I'm not good at "how-to" posts, but the basics are pretty simple if you have a small grinder (like a Dremel rotary tool). One other caveat: I'm not responsible for your hack jobs - just my own.
1) Get the arm off the vehicle and the blade off the arm.
2) Separate the arm at the pivot. Don't try to pull the spring out first. Just grab each half of the arm in either hand and pull straight apart. The spring will yield enough to let you clear the two small tabs that prevent the pivot from over traveling. So you only need to pull the arm apart about 1/4 inch and then you can fold it over to relieve the spring tension. The tension of the spring is the only thing that keeps the pivot joint together. The spring can then be easily removed.
3) Now that you have the spring out of the way, put the pivot back together and you'll see that there are a few places where material needs to be removed to allow the arm to pivot up further. I just ground the offending material away with small grinder. Once that material is gone, the arm (without the spring) will be able to pivot > 60 degrees.
4) That's only half the battle. Now the arm can pivot far enough, but the spring will not allow it - or hold it in the raised position. If you put it back together with the spring you'll see what I mean. There's a little bit of physics going on here that we need to re-engineer.

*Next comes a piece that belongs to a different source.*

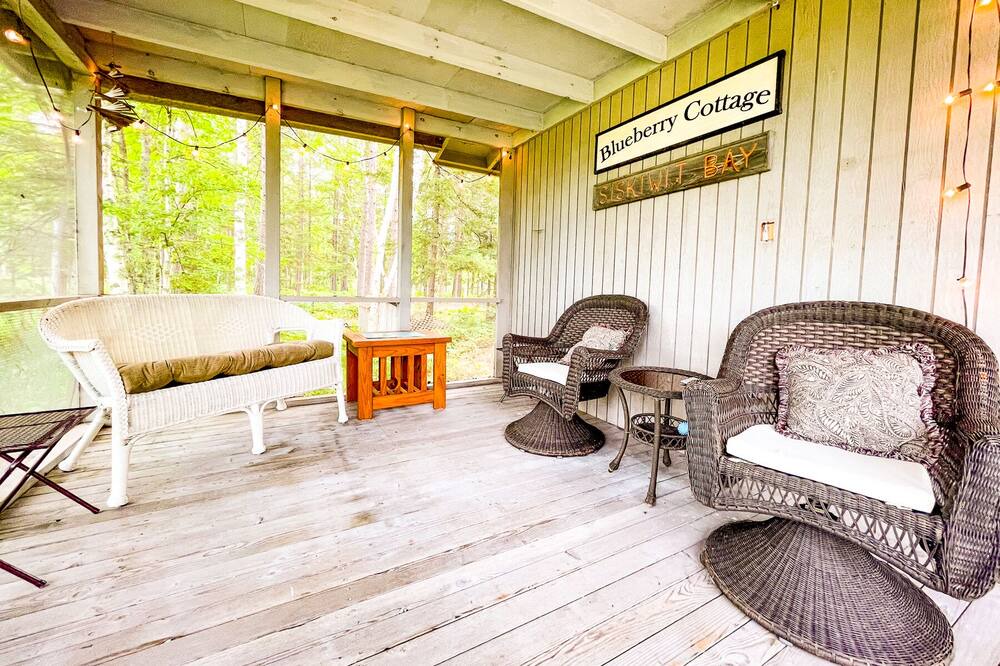 Photo of Patio Balcony in Bark Point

5) The trick to getting the arm to stay up is that the spring pivot points (where the spring attaches) need to move to the other side of the arm pivot point. To accomplish this, you need to remove material that the straight part of the spring runs into - as the arm is lifted.
Basically you need to remove all the material in the center thin part of the arm - in the area of where the pivot joint is. I even dimpled the center of the pivot shaft - to allow another millimeter or two of clearance. It took a bit of trial and error to get enough material removed (in the right spots). Nothing I did is visible when the arm is reassembled.
6) Once you start reworking it, you'll understand the goal. It does not appear to me that removing the necessary material compromised the strength of the arm in any meaningful way. Once the spring has enough clearance to allow the arm to pivot far enough, the arm will stay in the raised position due to spring tension. Moving the arm back down, beyond the magic balance point, will allow the spring to force the blade against the window again.
This is the first vehicle I've owned with a rear wiper (and I've had quite a few) that didn't allow the blade to be positioned off the glass. Now this one works just as all the others have.